Restate the records in full and exactly, with no images included.

• **EXERCISE MATERIAL**:

BEGIN

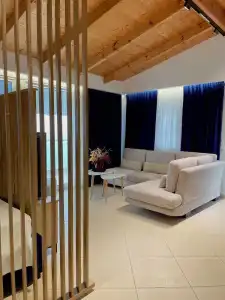 Napolon Complex - 80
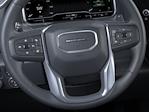 New 2025 GMC Sierra 1500 Denali Crew Cab 4WD Pickup for sale #G25-176 - photo 43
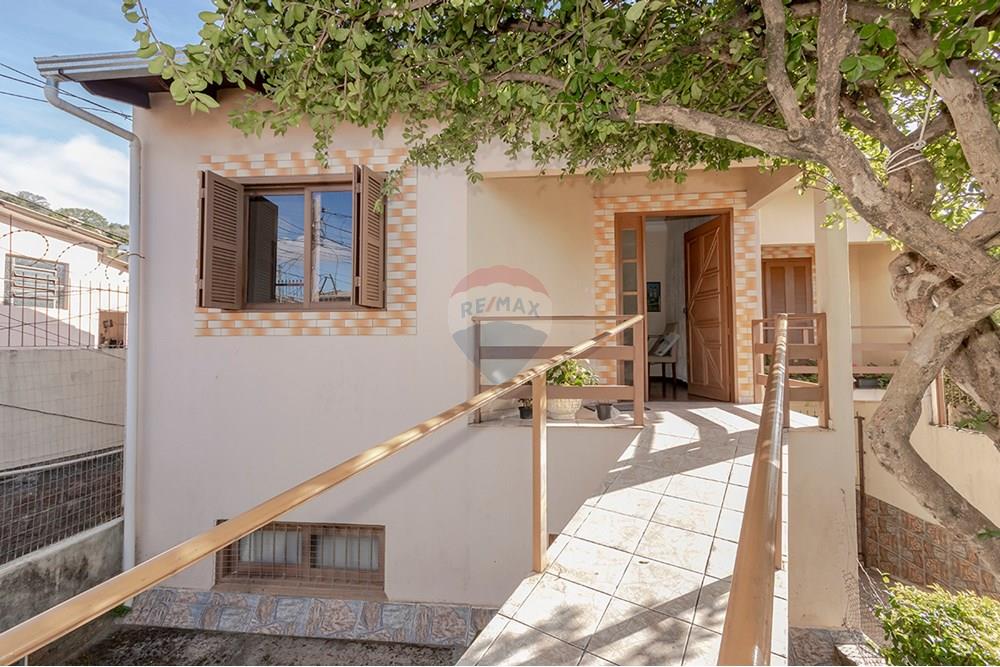 Casa - Venda - Porto Alegre , Rio Grande do Sul - 0646-467 (56).jpg - 610291021-171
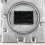 Nieuwe LED-koplampregelmodule 7PP941572AB voor 6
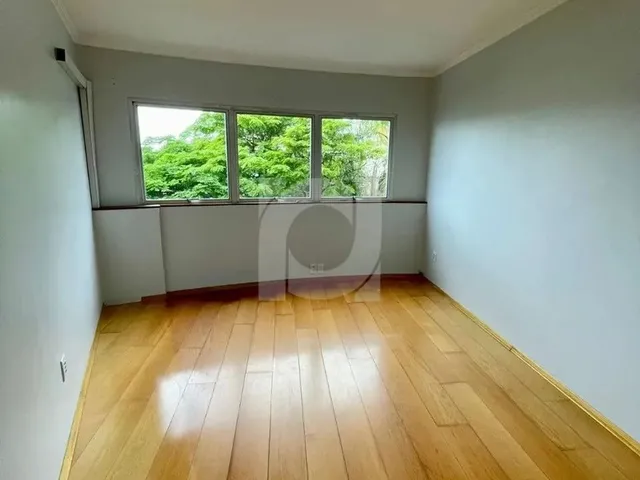 Imagem 7: Apartamento com 2 Dormitórios, 81M² - Centro/Sl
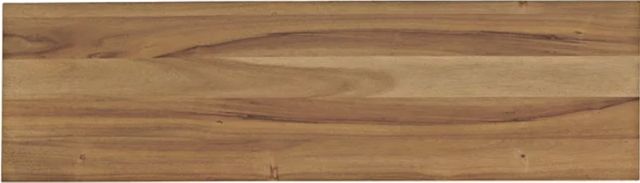 Jofran Inc. Claremont Brown Dresser-4
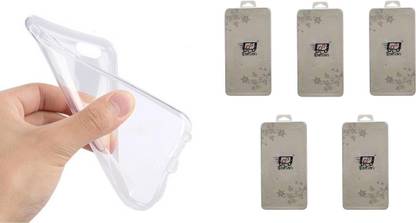 Saihan Screen Protector Accessory Combo for Oppo A30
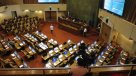 Expulsión de diputado electo DC desde Cuba tensiona acuerdo en la Cámara Baja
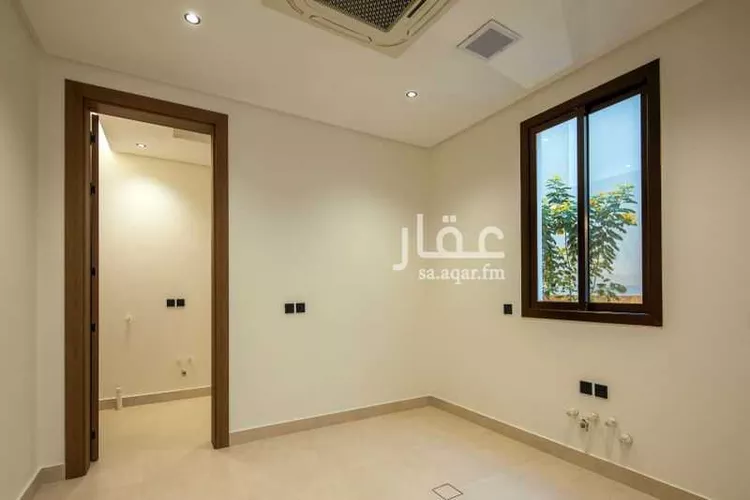 مدركون العقارية 30 14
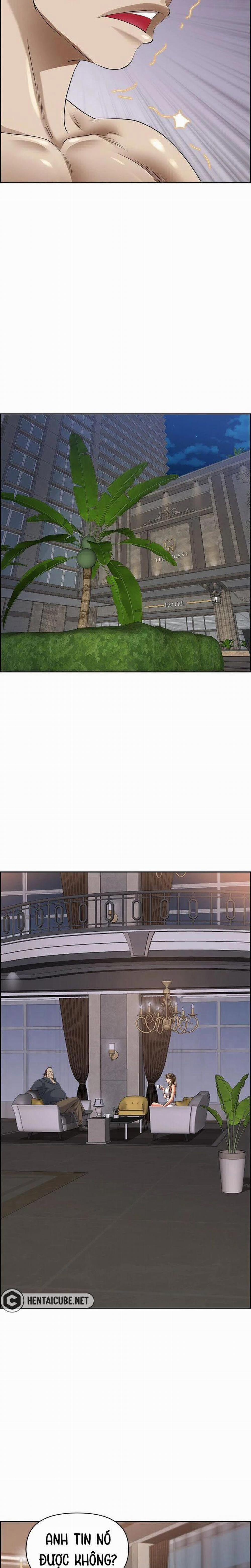 Sống cùng bạn mẹ! 90 trang 6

END

• **ANSWER**:
 Napolon Complex - 80
 New 2025 GMC Sierra 1500 Denali Crew Cab 4WD Pickup for sale #G25-176 - photo 43
 Casa - Venda - Porto Alegre , Rio Grande do Sul - 0646-467 (56).jpg - 610291021-171
 Nieuwe LED-koplampregelmodule 7PP941572AB voor 6
 Imagem 7: Apartamento com 2 Dormitórios, 81M² - Centro/Sl
 Jofran Inc. Claremont Brown Dresser-4
 Saihan Screen Protector Accessory Combo for Oppo A30
 Expulsión de diputado electo DC desde Cuba tensiona acuerdo en la Cámara Baja
 مدركون العقارية 30 14
 Sống cùng bạn mẹ! 90 trang 6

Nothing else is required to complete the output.